Celestes, da queda á ascensão.

2 Capitulo 2: Uma legião de inimigos.


Depois do primeiro celeste ter repassado para seus irmãos coisas simples que Deus lhe ensinou antes, os celestes tinham em suas mãos as armas e os conhecimentos para sua missão.

Miguel e os outros anjos arqueiam as asas e começam a voar, a velocidade que atingem chega ser mais rápida que a velocidade da luz. — Miguel meu irmão, me tire uma dúvida, você nos ensinou muito de combate enquanto fazíamos nossas armas, quem ensinou para você já que és o primogênito? — Lúcifer estava intrigado para saber qual era a resposta. — Eu aprendi tudo sozinho enquanto lutava contra os seres da escuridão. — Deve ter sido difícil para você Miguel. — Uriel fala com um tom meio triste. — Deve mesmo, tá aqui nessa escuridão toda sozinho deve ser agoniante. — Gabriel complementa. — Eu até que gosto desse lugar, tudo tão calmo e vazio. — Todos olham para o Azrael como se ele tivesse feito uma piada. — Como você pode gostar de algo assim?

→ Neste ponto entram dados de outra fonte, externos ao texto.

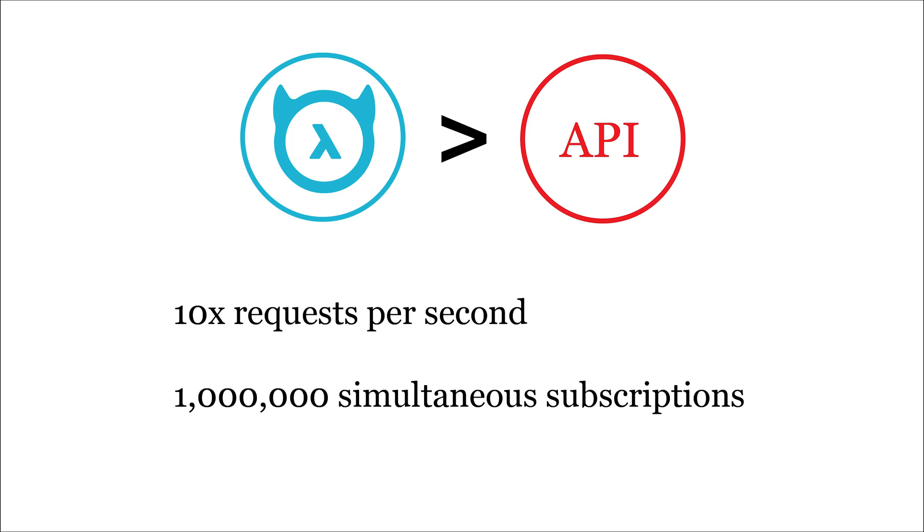Performance is a core feature of Hasura. Hasura can easily serve 10 times the requests that a custom API framework-based solution can for an average application with complex business logic, queries, and authorization rules. A Hasura-Postgres combination can support millions of subscriptions on cheap commodity hardware.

Não me diga que você será o estranho do grupo Az. — Os celestiais riem enquanto Azrael olha para eles não entendo o porquê de estarem rindo. Por uns segundos o clima leve que o Azrael criou por ser deslocado deu lugar a um clima sério quando ouviram grunhidos e gritos de outros monstros, eles estavam prestes a enfrentarem uma legião incontável de seres das trevas.

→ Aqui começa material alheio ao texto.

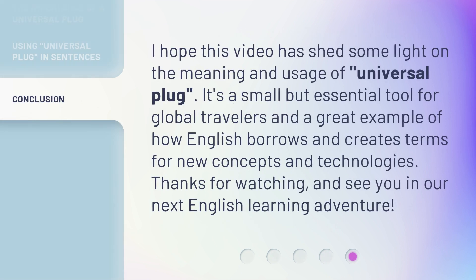I hope this video has shed some light on the meaning and usage of Universal Plug. It's a small but essential tool for global travelers and a great example of how English borrows and creates terms for new concepts and technologies. Thanks for watching and see you in our next English learning adventure.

Chegando no local vamos fazer tudo que treinamos, não errem e voltaremos para nosso pai, baixas não serão aceitáveis. — O tom de fala do Miguel ficou mais grave, a voz ficou mais grossa e seu semblante se enrijeceu, aquilo era sério. — Os anjos pousaram e logo foram cercados, Lúcifer olhando para seus irmãos notava que estavam determinados, mas ele conseguia ver uma leve ponta de dúvida se sairiam dali vivos, eram bilhões de hordas, a morte era quase certa, menos pra um. — Miguel você não tem medo? — Lúcifer pergunta para Miguel incrédulo de que era o único que permanecia com a mesma confiança e postura de antes. — Não tenho nada a temer, Deus está conosco e isso é o suficiente, lutem exatamente como eu os treinei e isso aqui não será um desafio para vocês. — falou como um verdadeiro líder Miguel. — Gabriel esboça um sorriso.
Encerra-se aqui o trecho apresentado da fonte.